Metapopulation persistence despite local extinction: predatory-prey patch models of the Lotka-Volterra type

Many arthropod predator-prey systems on plants typically have a patchy structure in space and at least two essentially different phases at each of the trophic levels: a phase of within-patch population growth and a phase of between-patch dispersal. Coupling of the trophic levels takes place in the growth phase, but it is absent in the dispersal phase. By representing the growth phase as a simple presence/absence state of a patch, metapopulation dynamics can be described by a system of ordinary differential equations with the classic Lotka-Volterra model as a limiting case (e.g. when the dispersal phases are of infinitely short duration).

When timescale arguments justify ignoring plant dynamics, it is shown that the otherwise unstable Lotka-Volterra model becomes stable by any of the following extensions: (1) a dispersal phase of the prey, (2) variability in prey patches with respect to the risk of detection by predators, (3) (sufficiently high) interception of dispersing predators in predator-invaded prey patches, and (4) prey dispersal from predator-invaded prey patches. The parameter domain of stability shrinks when the duration of within-patch predator-prey interaction is fixed rather than variable, and when predators do not disperse from a patch until after prey extermination. A dispersal phase of the predator has a destabilizing effect in contrast to a dispersal phase of the prey.

When the timescale of plant dynamics is not very different from predator-prey patch dynamics, the Lotka-Volterra predator-prey patch model should be extended to a predator-prey-plant patch model, but this greatly modified the list of potential stabilizing mechanisms.

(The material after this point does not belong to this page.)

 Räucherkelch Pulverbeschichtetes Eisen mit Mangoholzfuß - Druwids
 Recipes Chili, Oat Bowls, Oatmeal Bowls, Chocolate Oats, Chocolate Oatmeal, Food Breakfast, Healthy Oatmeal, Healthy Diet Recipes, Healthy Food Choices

Several of the mechanisms that have a stabilizing effect on a ditrophic model lose this effect in a tritrophic model and may even become destabilizing; for example, the dispersal phase of the prey confers stability to the predatory-prey model, but destabilizes the steady state in the predator-prey-plant model in much the same way as the dispersal phase of the predator destabilizes the steady state in the predator-prey model. Other mechanisms retain their stabilizing effect in a tritrophic context; for example, dispersal of prey from predator-invaded prey patches has a stabilizing effect on both predator-prey and predator-prey-plant models.